**Your instructions**
What is wanted is the line holding "MERCEDES BENZ E-Classe" and every later line through the end of the entries, set down exactly.

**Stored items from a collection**
= Beginning of Section =
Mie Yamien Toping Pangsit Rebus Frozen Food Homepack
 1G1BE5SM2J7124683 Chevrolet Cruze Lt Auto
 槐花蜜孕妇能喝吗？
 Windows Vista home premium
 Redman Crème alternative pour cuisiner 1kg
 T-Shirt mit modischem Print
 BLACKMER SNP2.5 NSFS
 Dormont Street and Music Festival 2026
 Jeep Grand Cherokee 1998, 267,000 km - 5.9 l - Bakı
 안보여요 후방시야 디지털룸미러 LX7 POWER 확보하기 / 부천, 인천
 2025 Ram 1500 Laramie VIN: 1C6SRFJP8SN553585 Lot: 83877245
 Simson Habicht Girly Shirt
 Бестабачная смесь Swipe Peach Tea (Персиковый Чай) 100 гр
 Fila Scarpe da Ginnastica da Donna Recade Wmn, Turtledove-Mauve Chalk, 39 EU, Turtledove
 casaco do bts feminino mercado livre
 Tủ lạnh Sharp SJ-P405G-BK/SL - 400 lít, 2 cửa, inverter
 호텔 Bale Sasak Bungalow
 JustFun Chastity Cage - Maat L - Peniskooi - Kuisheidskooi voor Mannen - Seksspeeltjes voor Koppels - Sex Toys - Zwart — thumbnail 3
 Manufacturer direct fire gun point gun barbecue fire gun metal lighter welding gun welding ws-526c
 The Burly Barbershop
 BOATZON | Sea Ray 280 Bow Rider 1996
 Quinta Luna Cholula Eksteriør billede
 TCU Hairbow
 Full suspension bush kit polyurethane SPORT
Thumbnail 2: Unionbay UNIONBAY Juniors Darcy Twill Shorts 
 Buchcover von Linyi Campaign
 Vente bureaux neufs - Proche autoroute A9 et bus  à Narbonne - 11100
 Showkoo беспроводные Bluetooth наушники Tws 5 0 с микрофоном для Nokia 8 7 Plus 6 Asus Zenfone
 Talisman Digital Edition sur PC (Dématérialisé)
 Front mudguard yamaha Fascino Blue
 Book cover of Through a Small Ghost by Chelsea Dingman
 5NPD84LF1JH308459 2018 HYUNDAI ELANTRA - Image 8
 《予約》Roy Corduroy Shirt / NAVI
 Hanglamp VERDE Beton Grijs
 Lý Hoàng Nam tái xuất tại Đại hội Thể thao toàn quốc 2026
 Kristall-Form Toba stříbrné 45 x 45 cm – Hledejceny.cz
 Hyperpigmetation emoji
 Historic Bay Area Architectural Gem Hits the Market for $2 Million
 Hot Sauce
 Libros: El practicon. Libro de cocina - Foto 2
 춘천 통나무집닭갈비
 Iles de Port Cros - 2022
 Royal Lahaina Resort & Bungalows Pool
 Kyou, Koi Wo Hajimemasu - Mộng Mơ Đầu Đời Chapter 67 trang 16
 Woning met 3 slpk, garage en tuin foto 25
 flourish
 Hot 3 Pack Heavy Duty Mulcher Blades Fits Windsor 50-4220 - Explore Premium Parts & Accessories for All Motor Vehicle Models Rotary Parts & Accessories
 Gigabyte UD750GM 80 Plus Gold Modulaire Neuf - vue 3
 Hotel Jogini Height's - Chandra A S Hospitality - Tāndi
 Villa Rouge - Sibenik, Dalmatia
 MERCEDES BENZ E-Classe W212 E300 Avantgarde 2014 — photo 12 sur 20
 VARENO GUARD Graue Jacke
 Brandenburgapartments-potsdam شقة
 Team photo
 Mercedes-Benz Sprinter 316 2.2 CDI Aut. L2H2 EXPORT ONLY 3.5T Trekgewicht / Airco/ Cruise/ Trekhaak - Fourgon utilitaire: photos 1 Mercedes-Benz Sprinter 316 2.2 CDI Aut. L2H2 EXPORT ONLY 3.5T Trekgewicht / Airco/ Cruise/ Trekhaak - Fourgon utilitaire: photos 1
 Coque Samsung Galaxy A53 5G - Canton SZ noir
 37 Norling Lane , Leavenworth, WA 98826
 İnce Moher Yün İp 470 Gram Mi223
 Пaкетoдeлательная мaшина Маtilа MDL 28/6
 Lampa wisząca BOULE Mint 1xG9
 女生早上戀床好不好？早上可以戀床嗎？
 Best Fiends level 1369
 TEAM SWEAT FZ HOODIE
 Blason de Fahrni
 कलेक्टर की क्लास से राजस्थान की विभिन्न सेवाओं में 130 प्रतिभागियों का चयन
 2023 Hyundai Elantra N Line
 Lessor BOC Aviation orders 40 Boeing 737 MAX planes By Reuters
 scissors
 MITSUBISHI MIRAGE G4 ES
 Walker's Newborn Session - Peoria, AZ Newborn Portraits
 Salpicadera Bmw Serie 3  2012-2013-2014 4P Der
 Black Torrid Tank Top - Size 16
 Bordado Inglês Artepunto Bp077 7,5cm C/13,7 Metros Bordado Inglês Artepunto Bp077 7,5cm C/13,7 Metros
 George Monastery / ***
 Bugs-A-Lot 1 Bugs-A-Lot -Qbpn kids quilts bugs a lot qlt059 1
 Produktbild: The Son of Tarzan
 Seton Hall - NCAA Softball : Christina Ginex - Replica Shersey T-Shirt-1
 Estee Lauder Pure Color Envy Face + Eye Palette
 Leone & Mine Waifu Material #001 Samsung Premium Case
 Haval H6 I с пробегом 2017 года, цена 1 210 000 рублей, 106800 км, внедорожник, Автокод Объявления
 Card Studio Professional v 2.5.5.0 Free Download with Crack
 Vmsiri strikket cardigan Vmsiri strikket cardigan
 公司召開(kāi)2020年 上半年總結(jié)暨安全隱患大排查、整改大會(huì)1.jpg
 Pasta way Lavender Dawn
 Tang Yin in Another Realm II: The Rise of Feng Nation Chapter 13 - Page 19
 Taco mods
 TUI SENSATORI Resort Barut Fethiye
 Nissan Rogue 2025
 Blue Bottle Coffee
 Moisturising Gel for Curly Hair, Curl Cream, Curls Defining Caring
= End of Section =
**Exercise result**
 MERCEDES BENZ E-Classe W212 E300 Avantgarde 2014 — photo 12 sur 20
 VARENO GUARD Graue Jacke
 Brandenburgapartments-potsdam شقة
 Team photo
 Mercedes-Benz Sprinter 316 2.2 CDI Aut. L2H2 EXPORT ONLY 3.5T Trekgewicht / Airco/ Cruise/ Trekhaak - Fourgon utilitaire: photos 1 Mercedes-Benz Sprinter 316 2.2 CDI Aut. L2H2 EXPORT ONLY 3.5T Trekgewicht / Airco/ Cruise/ Trekhaak - Fourgon utilitaire: photos 1
 Coque Samsung Galaxy A53 5G - Canton SZ noir
 37 Norling Lane , Leavenworth, WA 98826
 İnce Moher Yün İp 470 Gram Mi223
 Пaкетoдeлательная мaшина Маtilа MDL 28/6
 Lampa wisząca BOULE Mint 1xG9
 女生早上戀床好不好？早上可以戀床嗎？
 Best Fiends level 1369
 TEAM SWEAT FZ HOODIE
 Blason de Fahrni
 कलेक्टर की क्लास से राजस्थान की विभिन्न सेवाओं में 130 प्रतिभागियों का चयन
 2023 Hyundai Elantra N Line
 Lessor BOC Aviation orders 40 Boeing 737 MAX planes By Reuters
 scissors
 MITSUBISHI MIRAGE G4 ES
 Walker's Newborn Session - Peoria, AZ Newborn Portraits
 Salpicadera Bmw Serie 3  2012-2013-2014 4P Der
 Black Torrid Tank Top - Size 16
 Bordado Inglês Artepunto Bp077 7,5cm C/13,7 Metros Bordado Inglês Artepunto Bp077 7,5cm C/13,7 Metros
 George Monastery / ***
 Bugs-A-Lot 1 Bugs-A-Lot -Qbpn kids quilts bugs a lot qlt059 1
 Produktbild: The Son of Tarzan
 Seton Hall - NCAA Softball : Christina Ginex - Replica Shersey T-Shirt-1
 Estee Lauder Pure Color Envy Face + Eye Palette
 Leone & Mine Waifu Material #001 Samsung Premium Case
 Haval H6 I с пробегом 2017 года, цена 1 210 000 рублей, 106800 км, внедорожник, Автокод Объявления
 Card Studio Professional v 2.5.5.0 Free Download with Crack
 Vmsiri strikket cardigan Vmsiri strikket cardigan
 公司召開(kāi)2020年 上半年總結(jié)暨安全隱患大排查、整改大會(huì)1.jpg
 Pasta way Lavender Dawn
 Tang Yin in Another Realm II: The Rise of Feng Nation Chapter 13 - Page 19
 Taco mods
 TUI SENSATORI Resort Barut Fethiye
 Nissan Rogue 2025
 Blue Bottle Coffee
 Moisturising Gel for Curly Hair, Curl Cream, Curls Defining Caring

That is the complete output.